Investors see opportunity despite gloom

By John Cunniff The Associated Press
Thursday February 22, 2001

The stock market’s plunge has left many small investors so intimidated they are likely to miss out on the beginning of the next upturn and the chance to recoup their losses. 

It is one of the tragic ironies of the marketplace, confirmed in at least nine up-down cycles since World War II.  

As opportunity improves, many small investors won’t want anything to do the market. 

This feeling of defeat isn’t limited to stocks.  

Federal Reserve chairman Alan Greenspan has, in fact, expressed fears it could affect buying and selling in general, and thus delay any recovery. 

It’s in the stock market, however, that the psychological effect is most glaring. 

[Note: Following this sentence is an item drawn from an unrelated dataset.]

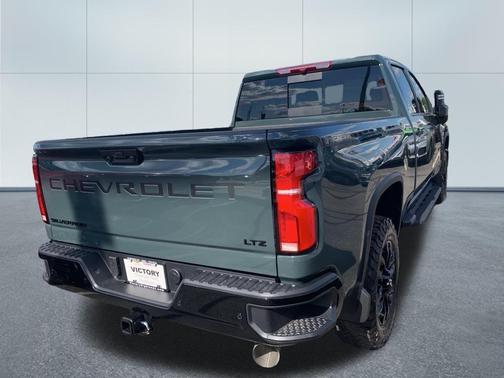 2026 Chevrolet Silverado 2500 LTZ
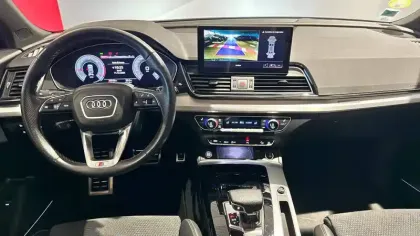 Photo 15 Audi Q5  Sportback 40 TDI 204 S tronic 7 Quattro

In the overall marketplace, a family that buys a car at the economy’s peak may still have it when the economy tanks. 

You can’t say the same thing about a stock that was purchased at the top and sold at the bottom, an experience shared by many thousands of small investors.  

Their loss is real and extremely painful, and it leaves them in a mood that tolerates no additional chances. 

Sadly, this gloom may descend as opportunity beckons, which in the present instance conceivably could be mere weeks or a few months away.  

This assumption is based on the likelihood that the economy begins to respond to lower interest rates about six months after the first rate cut. 

Gerald Perritt, an investment advisor with a historian’s perspective, states the case succinctly: “The Fed first cut rates in early January, which would mean an economic rebound will begin in early July. 

“If the slowdown had begun sometime last November, its midpoint would occur sometimes this month. If stock prices respond like they have in the past, the bear market bottom is at hand.” 

But investing deals with the future, anticipating events rather than waiting for them to happen.  

It means that the most daring of investors is willing to buy stocks amid the thickest blanket of gloom. 

Unfortunately, this is when many small investors decide they cannot take any risk at all.  

Dump your stocks at the bottom, says Perritt, who edits “The Mutual Fund Letter,” and you lock in your losses. 

Not only that, having dumped stocks at a loss increases the odds that you’ll miss out on the first stage of the market’s recovery. That is, you might miss out on what could be the prime time to buy. 

For reference and decision-making purposes, the average post World War II recession – and this is to date only a contraction and probably won’t deteriorate into a recession – lasted 11.7 months. 

The longest, 17 months, occurred in both 1973-1974 and 1981-1982; the shortest last nine months, in 1957 and again in 1990-1991. 

But, as happened in each one of the nine cycles, the stock market bear was routed months before the recession ended. In the 1990-1991 recession, the bear market ended in November 1990, the recession not until March 1991.